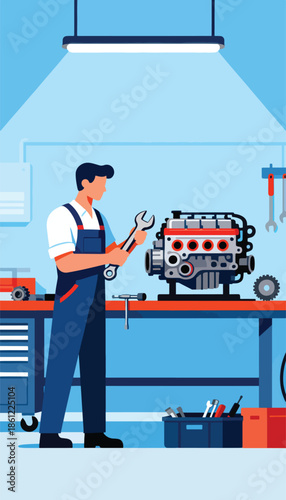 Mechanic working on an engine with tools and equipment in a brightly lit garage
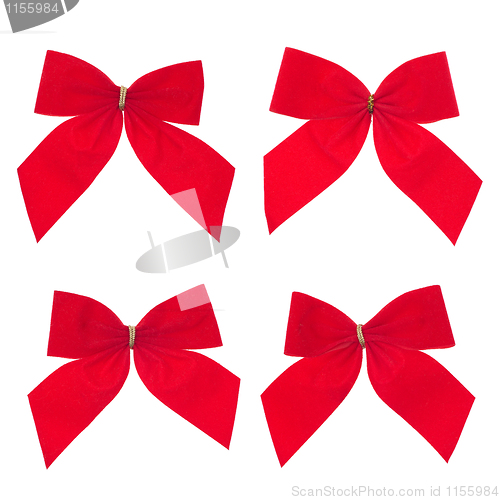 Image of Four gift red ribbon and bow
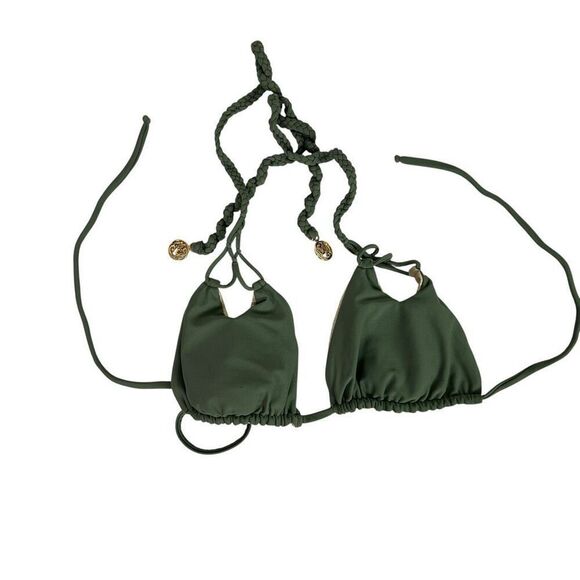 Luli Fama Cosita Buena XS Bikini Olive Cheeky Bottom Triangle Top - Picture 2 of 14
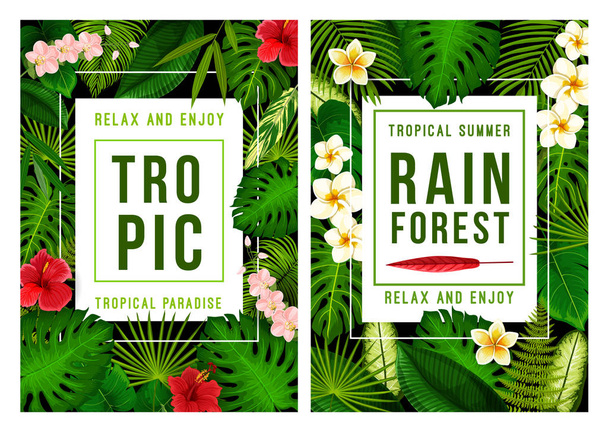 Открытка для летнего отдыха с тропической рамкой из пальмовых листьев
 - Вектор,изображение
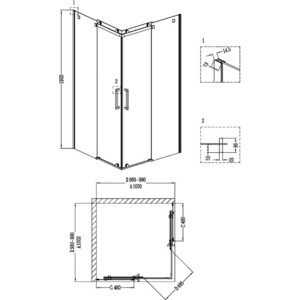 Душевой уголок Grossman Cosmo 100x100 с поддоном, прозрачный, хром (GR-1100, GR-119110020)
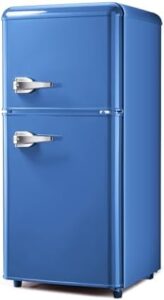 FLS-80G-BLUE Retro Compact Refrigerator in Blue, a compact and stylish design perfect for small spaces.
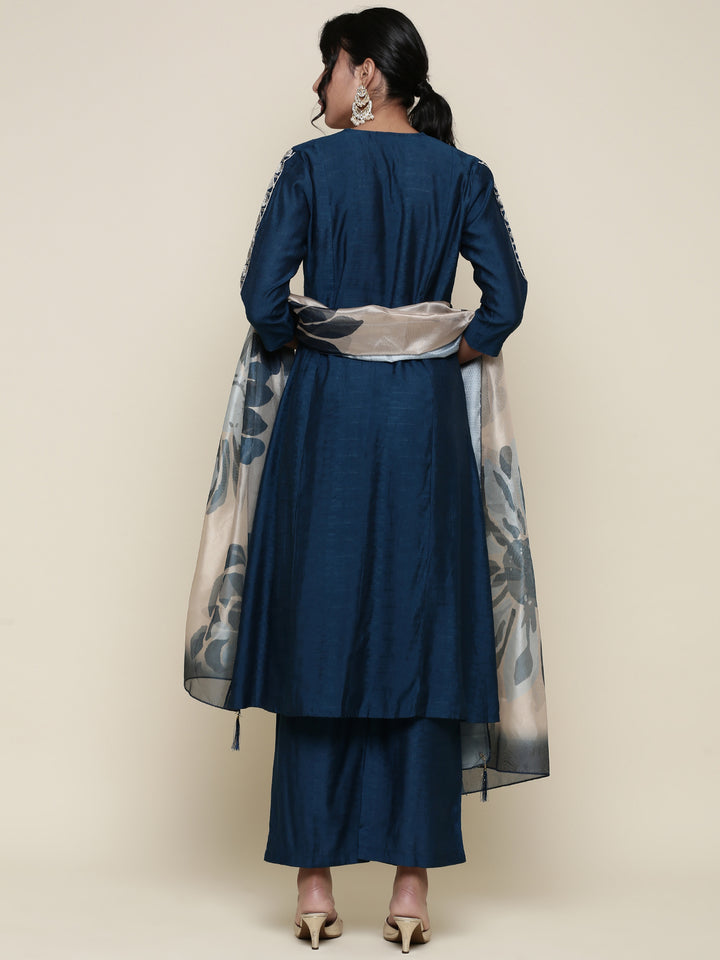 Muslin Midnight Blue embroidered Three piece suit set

* * *

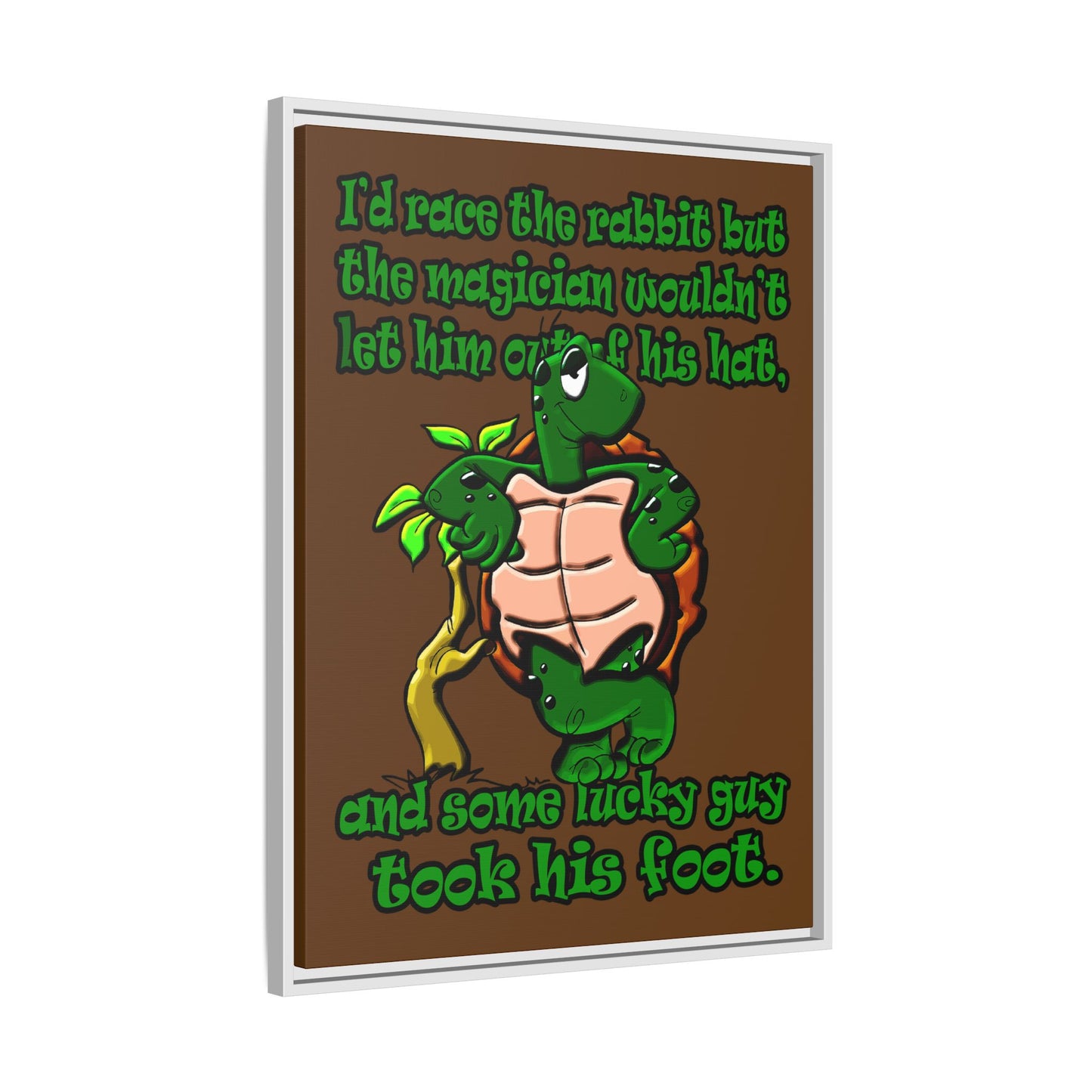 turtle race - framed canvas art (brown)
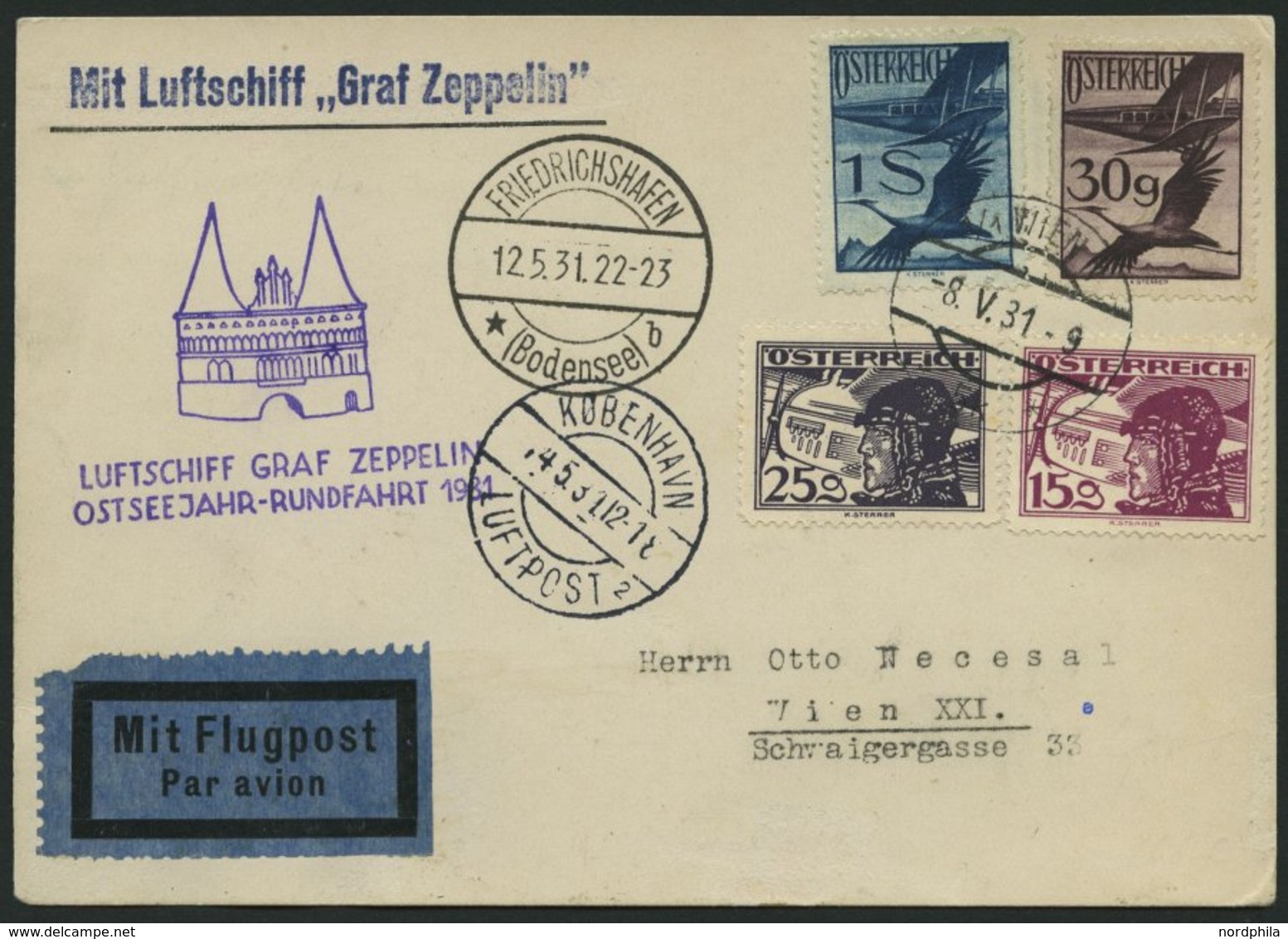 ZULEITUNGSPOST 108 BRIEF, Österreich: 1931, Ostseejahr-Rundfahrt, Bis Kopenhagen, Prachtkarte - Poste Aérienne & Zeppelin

==

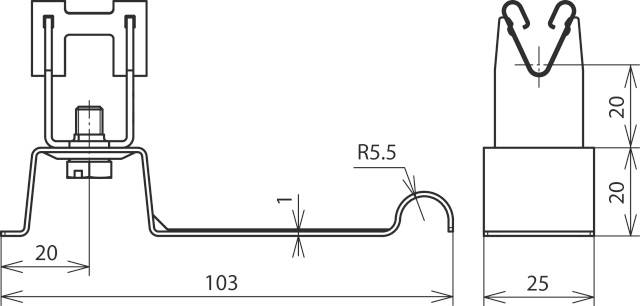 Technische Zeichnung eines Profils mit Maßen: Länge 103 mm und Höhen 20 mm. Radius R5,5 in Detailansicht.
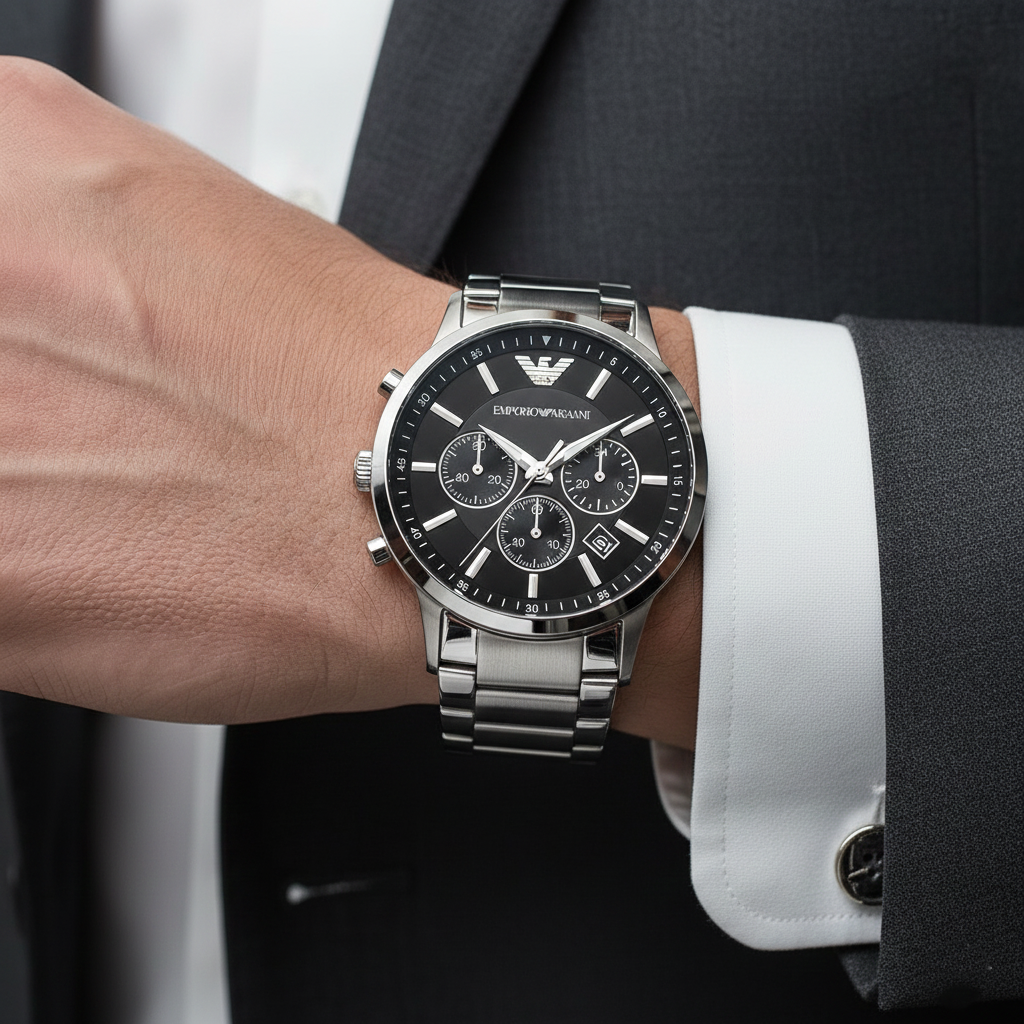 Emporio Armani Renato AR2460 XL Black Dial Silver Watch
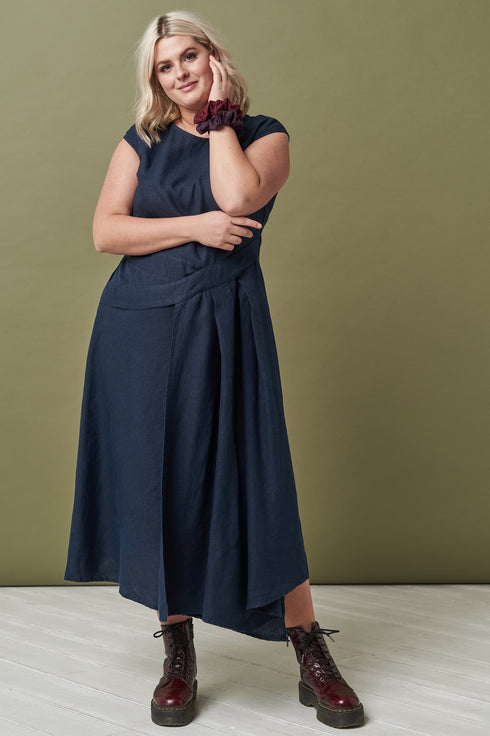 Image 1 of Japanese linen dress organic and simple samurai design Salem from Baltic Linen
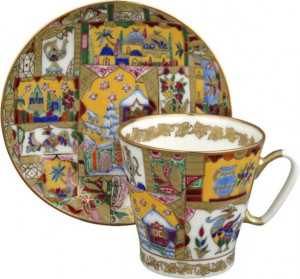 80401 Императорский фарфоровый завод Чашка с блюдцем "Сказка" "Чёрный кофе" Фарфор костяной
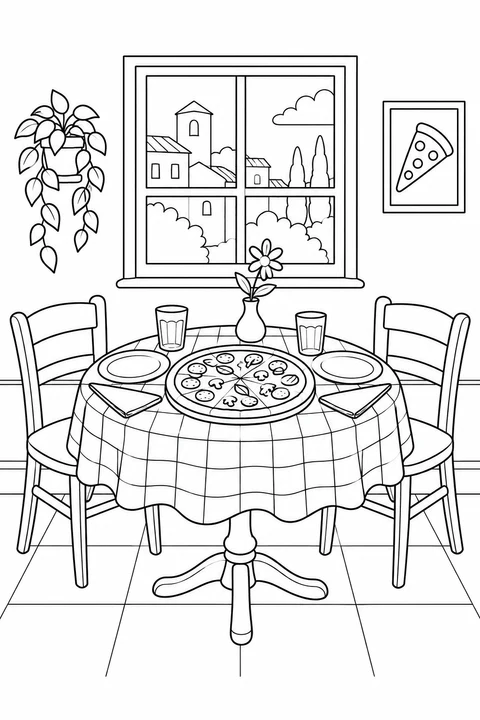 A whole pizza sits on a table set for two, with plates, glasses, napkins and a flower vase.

■ **Your instructions**:
Write out word for word the lines of the listing above from the line with "Mechanic working on" to the line with "Душевой уголок Grossman", taking in both of those lines but no pictures.

■ **Solved exercise**:
 Mechanic working on an engine with tools and equipment in a brightly lit garage
 Image of Four gift red ribbon and bow
 Luli Fama Cosita Buena XS Bikini Olive Cheeky Bottom Triangle Top - Picture 2 of 14
 Открытка для летнего отдыха с тропической рамкой из пальмовых листьев
 - Вектор,изображение
 Душевой уголок Grossman Cosmo 100x100 с поддоном, прозрачный, хром (GR-1100, GR-119110020)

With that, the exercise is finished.